In this connection, the stanza mentioning the frogs and snakes is a curious moment, because it is the only moment in ‘Life Doesn’t Frighten Me’ where the speaker of the poem acknowledges that she may, in fact, know what fear is. But this is only in her dreams, when her unconscious mind unleashes fears or anxieties on her when she is not in conscious control of them.

This moment is significant, because it acknowledges that being afraid, or at least being susceptible to fear, is perfectly natural. But what the speaker of the poem has done is mastered that natural fear and brought it under control. It is often said that true courage is not in never being afraid, but in overcoming one’s fears and doing the brave thing anyway. Is a soldier who is absolutely immune to fear and charges at the enemy really brave, or is the truly courageous soldier the one who worries about the dangers to himself but nobly goes into battle anyway?

Or, to take a less military example, is the truly brave public speaker the person who gets up and naturally speaks without ever knowing fear (because they are just naturally confident), or is the brave one the person who has felt and confronted their fears about public speaking and got up and addressed the audience anyway?

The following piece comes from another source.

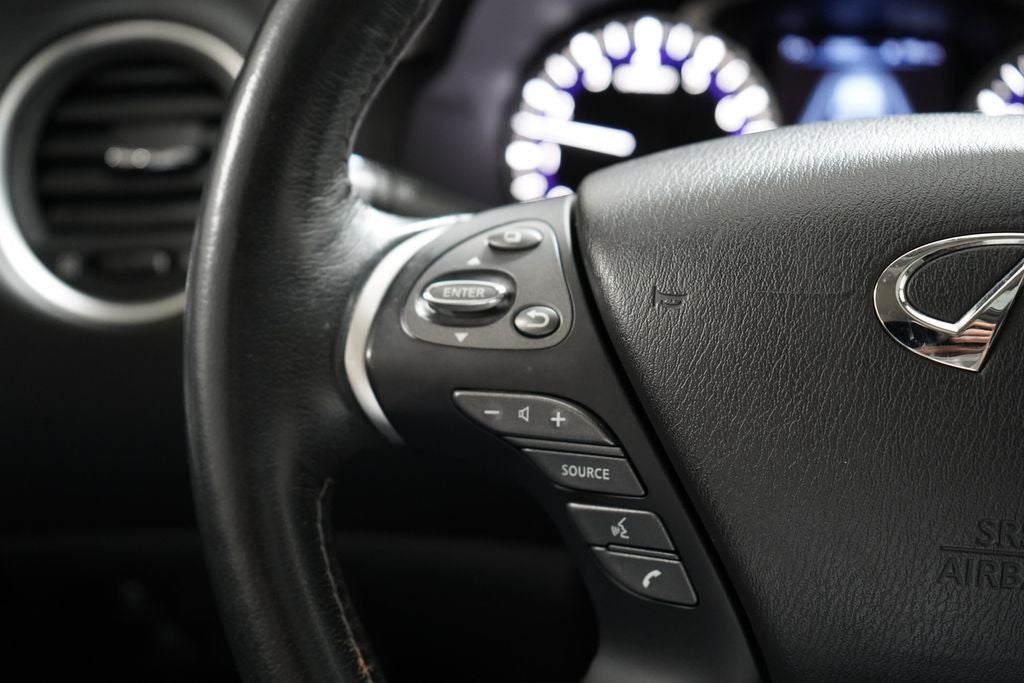 2017 INFINITI QX60 Base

And then there is the end of the poem. What is the ‘magic charm’ kept up the speaker’s ‘sleeve’? Is it nothing more than the message of the poem itself: that life cannot and will not frighten her, something that she repeats to herself so that it becomes true? And is she repeating it to herself so often because she is trying to convince herself, but, despite the poem’s reassurances, her fearlessness is not quite so secure as she is making out?

Someone who repeats to themselves before a stressful situation, such as a job interview, ‘you can do this, you can do this, you can do this’ must doubt themselves on some level, because they are having to tell themselves they can succeed, whereas there would be no need to do so if this fact was self-evident. At the same time, of course, fear can make us forget things which are self-evident, so perhaps the reminder is merely to overcome an irrational fear, or doubt, within the moment itself.

The reference to the ocean floor and not having to breathe is a masterstroke: note that she doesn’t say she can walk the ocean floor and still be able to breathe, but that she doesn’t have to breathe at all. This invites a seed of doubt into the poem: is it akin to holding one’s breath until a danger has passed, or is believed to have passed? Or should we take it at face value as an unequivocally positive image?

There is, of course, a strong link between anxiety (or panic attacks, brought on by fear) and breathing difficulties: hyperventilating or breathing too quickly, for instance. By removing the need to ‘breathe’, metaphorically speaking, the speaker of the poem is able to walk even in the darkest and most oppressive and dangerous situations (as the bottom of the sea would surely be) and still be free from fear.

‘Life Doesn’t Frighten Me’: form

The poem is written in an irregular form, although it is not free verse because Angelou nevertheless uses rhyme and metre throughout. The poem is made up of thirteen stanzas (unlucky for some), with the first four, and then the seventh and eighth, being three-line stanzas or tercets. These are, fittingly, all stanzas which outline various fears. The others are of different lengths.

The metre is overwhelmingly trochaic. A trochee is a metrical foot comprising a heavy stress followed by a light stress, as in the words ‘SHAD-ows’ or ‘NOI-ses’. Strictly speaking, the first four stanzas are written (loosely) in something called trochaic trimeter catalectic: three trochees in a line, but with the second half of the final trochee – the last syllable, in other words – missing. This means that many of the lines of ‘Life Doesn’t Frighten Me’ begin forcefully, getting our attention and making the fears mentioned by the poem’s speaker that much more fearsome.